ASTRA 6.91: http://www.sysinfolab.com/

HWiNFO 6.2.2 by Martin Malik: https://www.hwinfo.com/download/

System Analyser by Hans Niekus https://sysanalyser.com/ (2011)

NSSI https://www.navsoft.cz/products.htm (2010)

In particular, ASTRA and HWiNFO are actively maintained and
received several updates discussed in the BTTR thread :-)


*FDISK 1.3.4 off-by-one CHS versus LBA bug and fixes for it*

https://www.bttr-software.de/forum/board_entry.php?id=19762&page=0&order=time&category=0

This also links to https://gitlab.com/FreeDOS/base/fdisk/

Most recent conclusion is that if LBA is active in BIOS and FDISK
and a partition ends on a cylinder boundary < 8 GB, then the end
is wrongly rounded to the next cylinder. A similar bug exists for
the end of the whole disk.


*Ranish partition manager revived*

https://www.bttr-software.de/forum/board_entry.php?id=19691&page=0&order=time&category=0

As the source code of Ranish Partition Manager is public domain
now, https://codeberg.org/boeckmann/ is working on updated versions
made with fresh compilers and with added LBA support. Cool news :-)


*Soundcard emulation ponderings*

https://www.bttr-software.de/forum/board_entry.php?id=19549&page=0&order=time&category=0

This thread discusses the possibilities for soundcard emulation
on modern hardware. The original idea being vdmsound + hx dos.
There are no code or working recipes there yet, but the thread
could inspire others who want to dive into the possibilites.
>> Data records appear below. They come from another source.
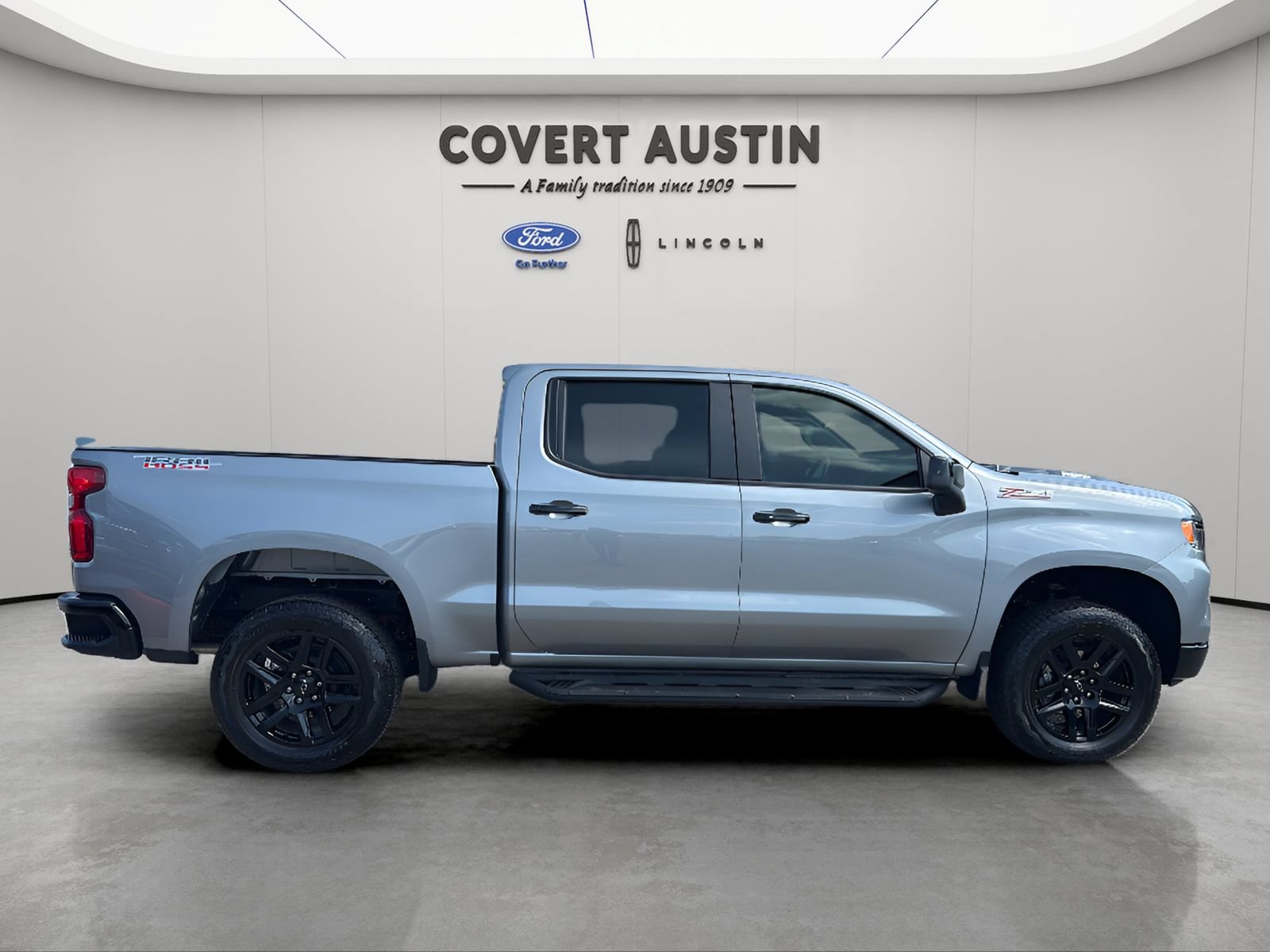 Used 2026 Chevrolet Silverado 1500 LT Trail Boss w/ Convenience Package II AWD/4WD image 7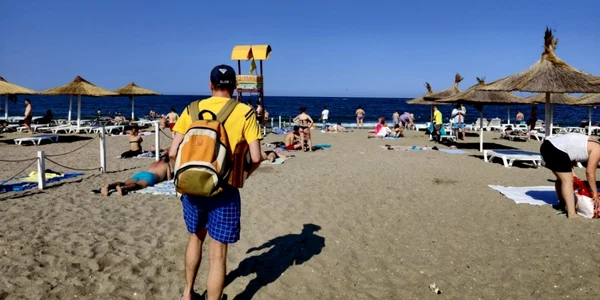 turist plaja foto Calin gavrilas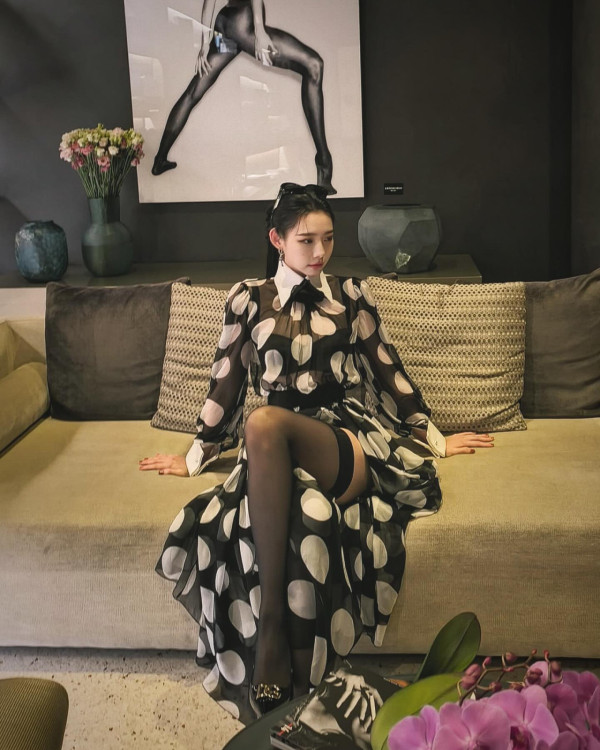 Lily Collins性感金裙現身首映禮！粉絲卻指顏值崩壞？ 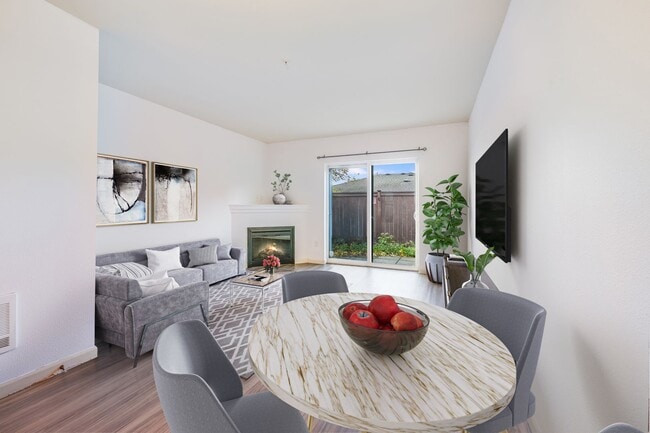 Building Photo - Cozy contemporary condo offers tranquility and convenience close to Columbia City.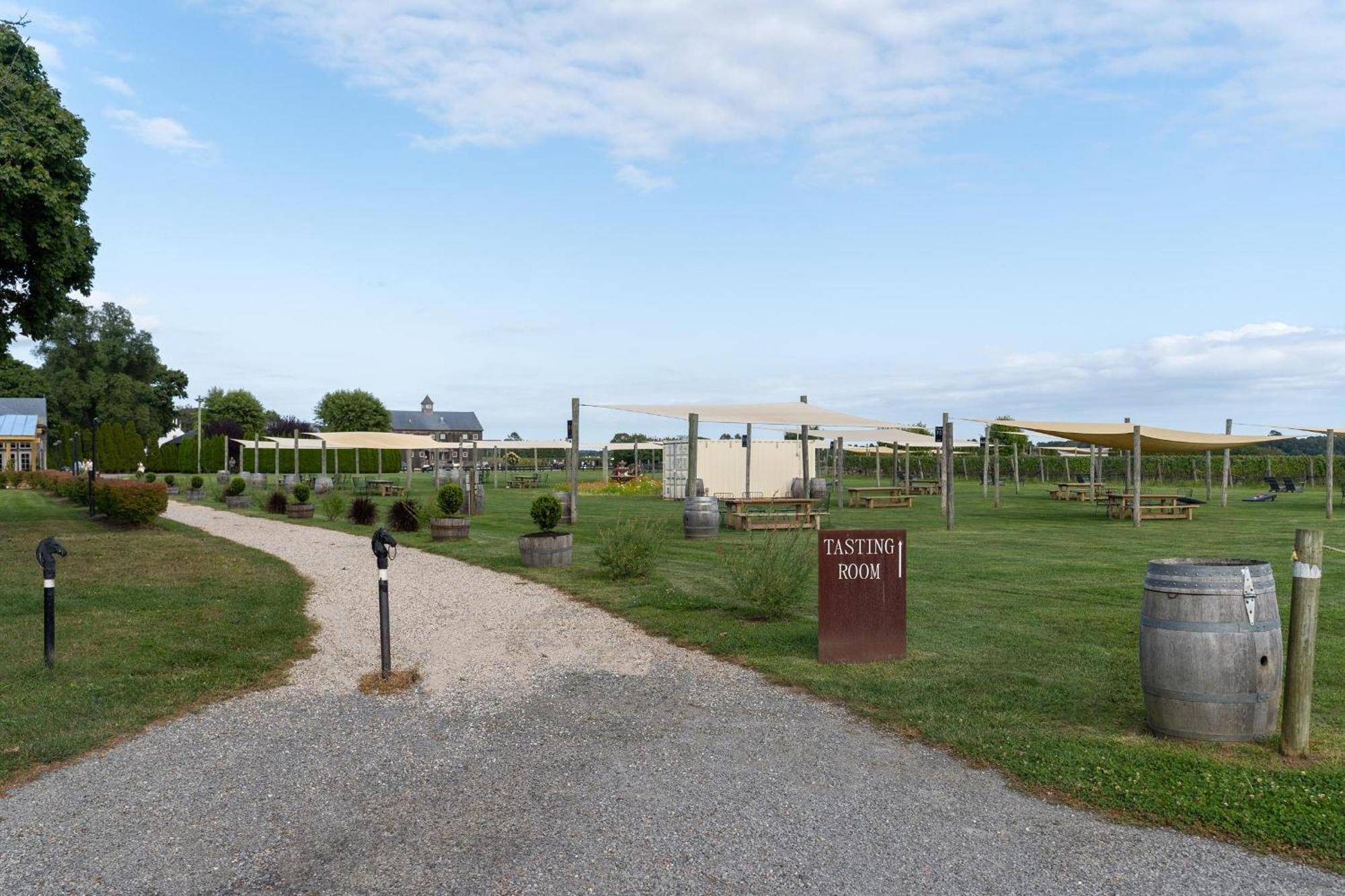 Nature'S Paradise: Private Dock & Water Views Mattituck Extérieur photo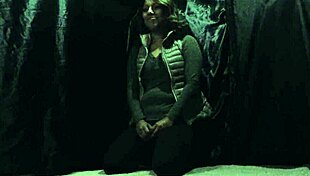 Mandy mynxx meets a stranger in his creeper van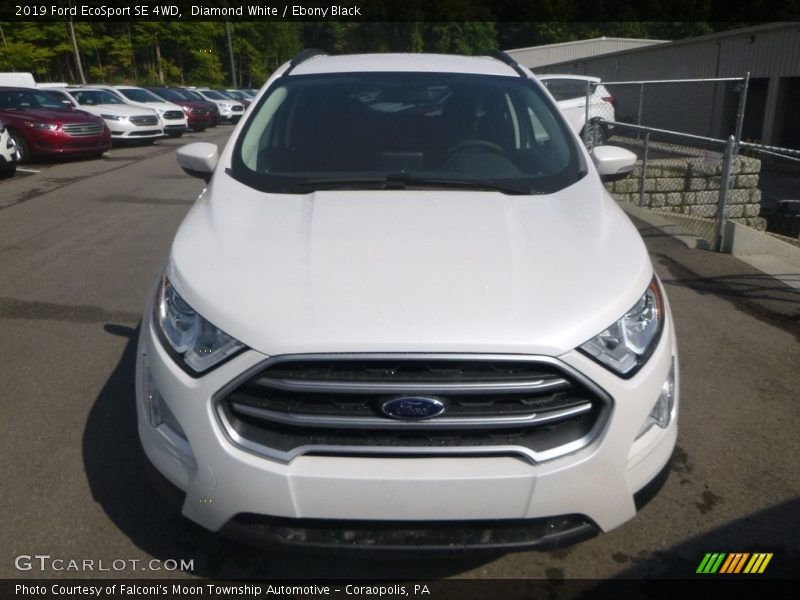 Diamond White / Ebony Black 2019 Ford EcoSport SE 4WD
I suggest to change the subject when replying to one of the good
news listed above, so we can discuss it in a separate freedos-user
thread for clarity. But I hope it was okay for you that I bundled
them all in this single "announcement", or overview email.

Regards, Eric


PS: Thanks for sharing the news about UPX 4.0.1, Jim!
https://sourceforge.net/p/freedos/news/2022/12/upx-401-released/
Checking the milestone lists, this fixes FreePascal 3 compresssion
(fixed in 3.99) etc., while many other updates are not DOS related.